DATA EXCERPT section start

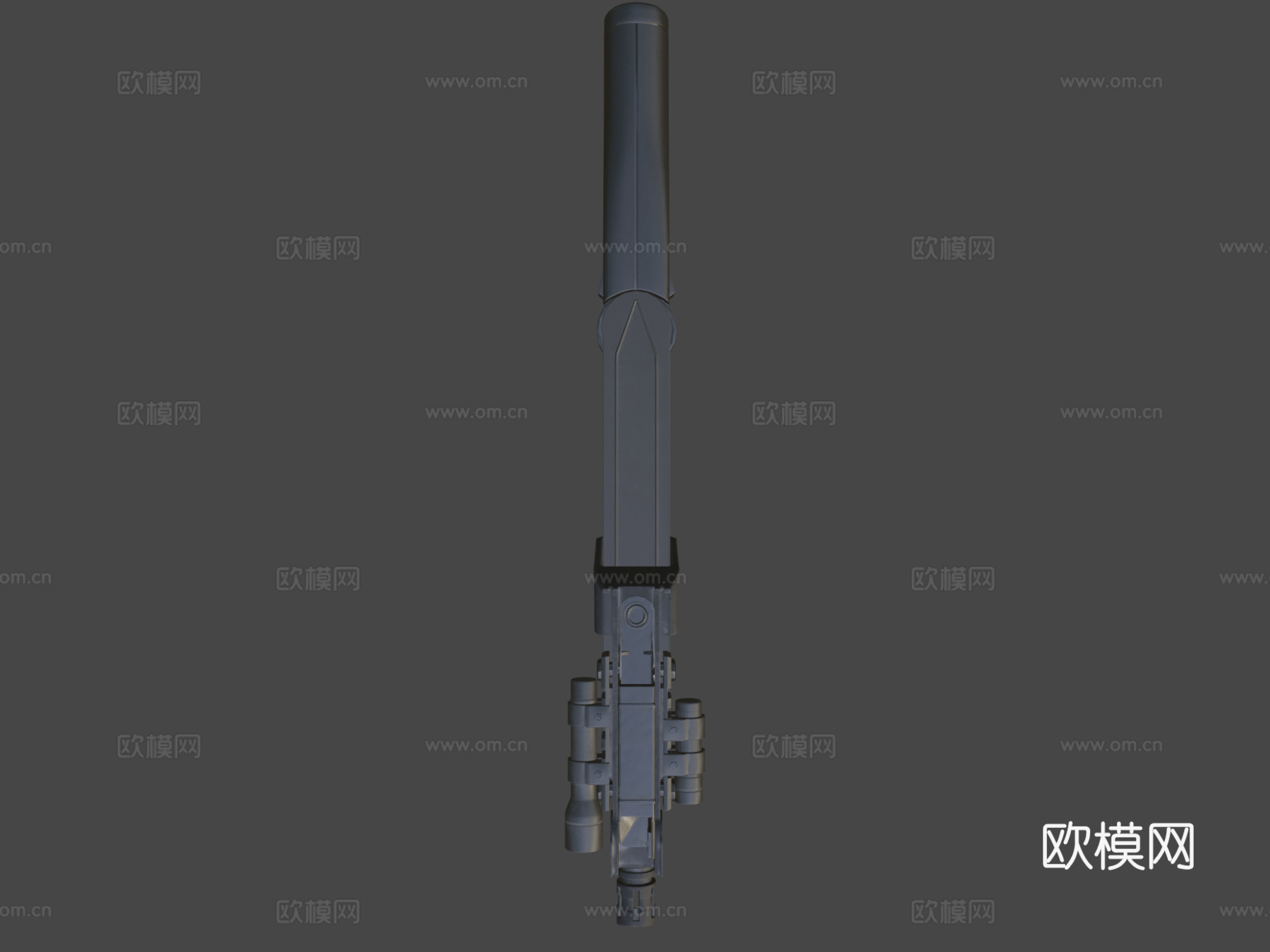 P90-星际之门3d模型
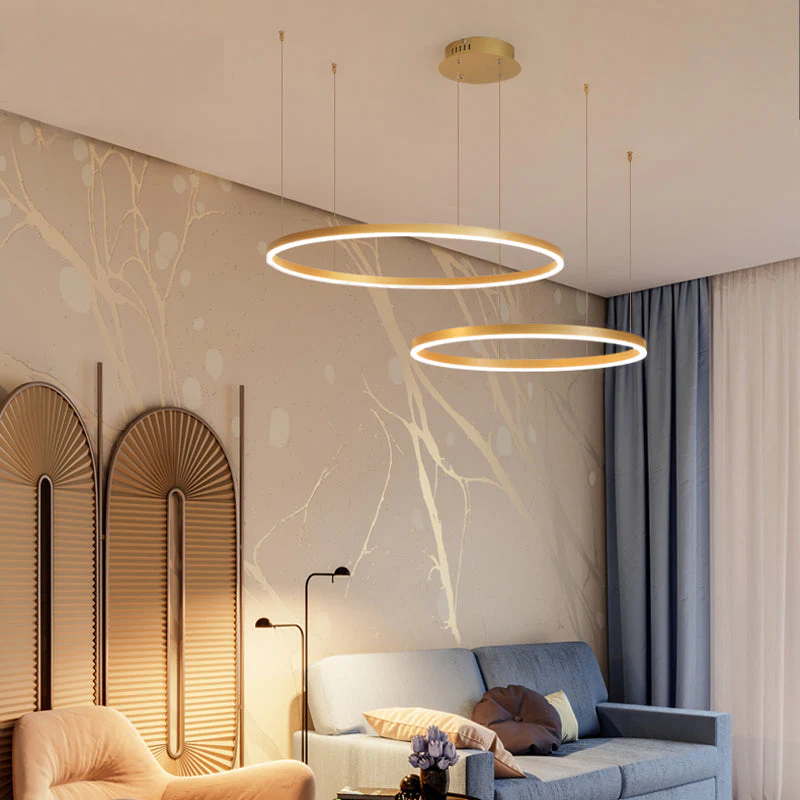 Remi Pendant Light Tir-Circle Liner - Image 3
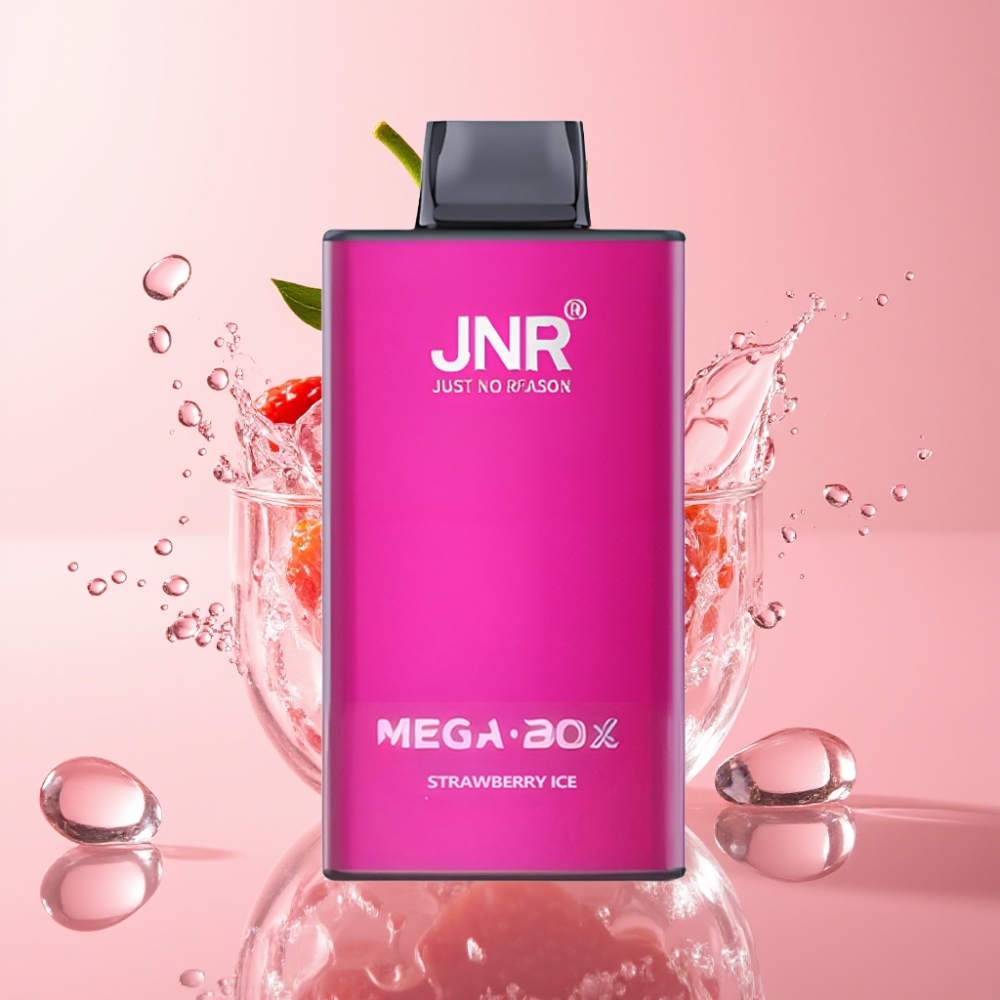 JNR Mega Box 25000 Pufova Jednokratna Vape Jagoda Led 30ml JNR Mega Box 25000 Pufova Jednokratna Vape Dual Mesh Coil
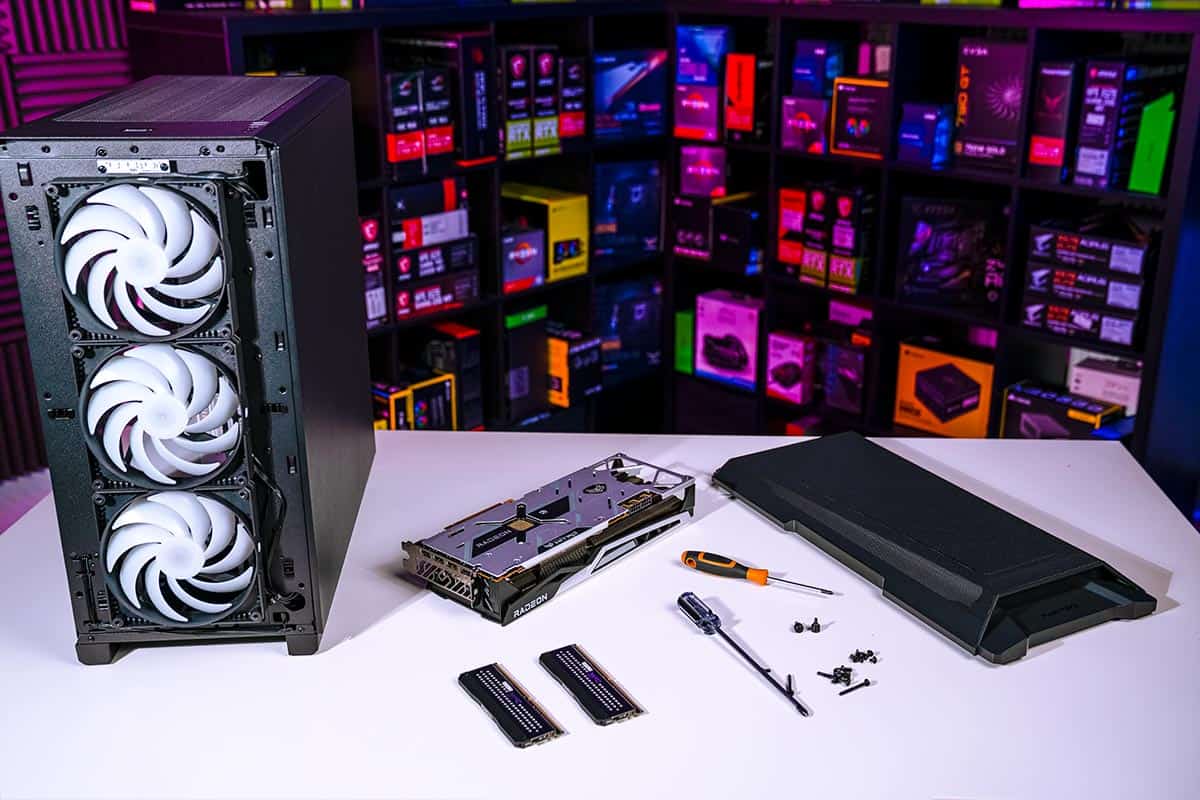 How we test prebuilt gaming PCs 03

DATA EXCERPT section end

— TASK DESCRIPTION —
Please reproduce the whole listing exactly; the pictures stay out.

— TASK RESPONSE —
 P90-星际之门3d模型
 Remi Pendant Light Tir-Circle Liner - Image 3
 JNR Mega Box 25000 Pufova Jednokratna Vape Jagoda Led 30ml JNR Mega Box 25000 Pufova Jednokratna Vape Dual Mesh Coil
 How we test prebuilt gaming PCs 03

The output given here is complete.